= The Starlight =

Bar and concert venue in Colorado, USA

The Starlight, 167 N. College Ave., was a bar and concert venue in Old Town Fort Collins, Colorado. The bar was known as "Mountain Tap" for many years, before a late '90s name change. The bar went through a series of owners in the mid-2000s, including a collective headed by local nightclub magnates Joe Vader and Lucky Kerig. The nightclub reopened in February 2007 as "Hodi's Half-Note". The Mountain Tap was a casual hang out specialty beer bar with pool tables. It hosted a weekly Bluegrass jam. Students & professors alike would gather there. New owners took over around 1996 to host more significant concerts. They cold never afford the significant construction to open the room up as needed to host proper bands. There had been a bearing wall cutting off a third of the dance floor with a long skinny seating area behind the wall with one window looking onto the stage & dance floor. Finally a new owner bought the bar and began the construction. Opening night was to be former Jerry Garcia bandmate Merl Saunders. The construction was not ready in time and that first show had to be moved to "Tony's" a few blocks south on January 17, 1997. So the Starlight officially opened soon after that. Colorado band String Cheese Incident played there on March 8, 1997. Merl Saunders came back and played the new bar a few times. Also documented on Concert Archives were the Itals, God Street Wine, Steve Kimock, Vinyl, Railroad Earth, Max Creek, DJ Loren (Bassnectar) with Michael Kang of String Cheese Incident, JJ Grey, Fareed Haque, and many more great acts. And may more great acts played Hodi's Halfnote after The Starlight changed hands again. The club was approximately 250-350 capacity in the main room. It is now a comedy club which took over the space around 2020.
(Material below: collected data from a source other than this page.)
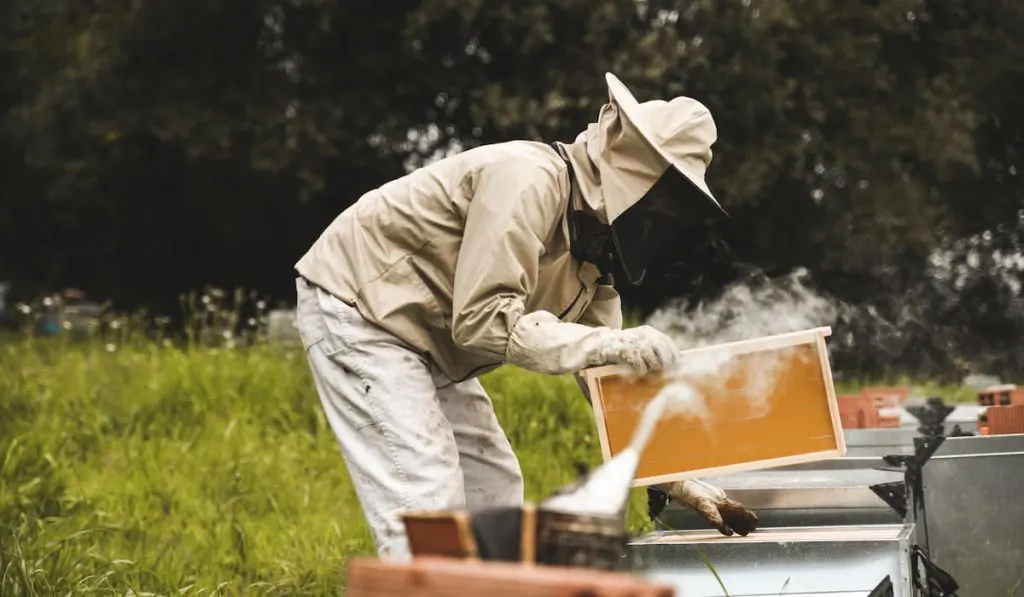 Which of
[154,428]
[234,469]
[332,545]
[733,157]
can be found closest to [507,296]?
[332,545]

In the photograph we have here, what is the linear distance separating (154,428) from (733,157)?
7591 millimetres

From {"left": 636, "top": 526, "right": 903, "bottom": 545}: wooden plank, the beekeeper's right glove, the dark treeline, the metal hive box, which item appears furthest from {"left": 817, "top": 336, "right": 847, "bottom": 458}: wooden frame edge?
the dark treeline

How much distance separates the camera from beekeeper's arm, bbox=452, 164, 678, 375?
8.54 ft

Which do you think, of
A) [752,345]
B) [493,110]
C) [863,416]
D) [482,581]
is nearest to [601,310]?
[752,345]

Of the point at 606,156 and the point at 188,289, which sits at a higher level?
the point at 188,289

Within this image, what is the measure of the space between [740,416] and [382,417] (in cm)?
88

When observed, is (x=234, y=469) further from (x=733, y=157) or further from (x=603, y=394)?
(x=733, y=157)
The Starlight hosted late schizophrenic keyboardist-vocalist Wesley Willis and defunct post-punk rock band Caril featuring the Alberts brothers, Cameron and Kirk, Myke Fedyk and Jason Sharp. Also, the bar was one of many Fort Collins locations where the movie Our Burden Is Light was filmed.

During 2003, the Fort Collins-based punk band ALL booked three sold-out shows for their Stockage 2003 Festival.

According to its MySpace site, The Starlight hosted Cherry Poppin' Daddies, Frank Black & The Catholics, G. Love and Special Sauce, Jello Biafra, John Mayer, Kenny Wayne Shepherd, Lagwagon, Me First and the Gimme Gimmes, Rise Against, Social Distortion, The Specials, Vanilla Ice, ALL and Ween, among others.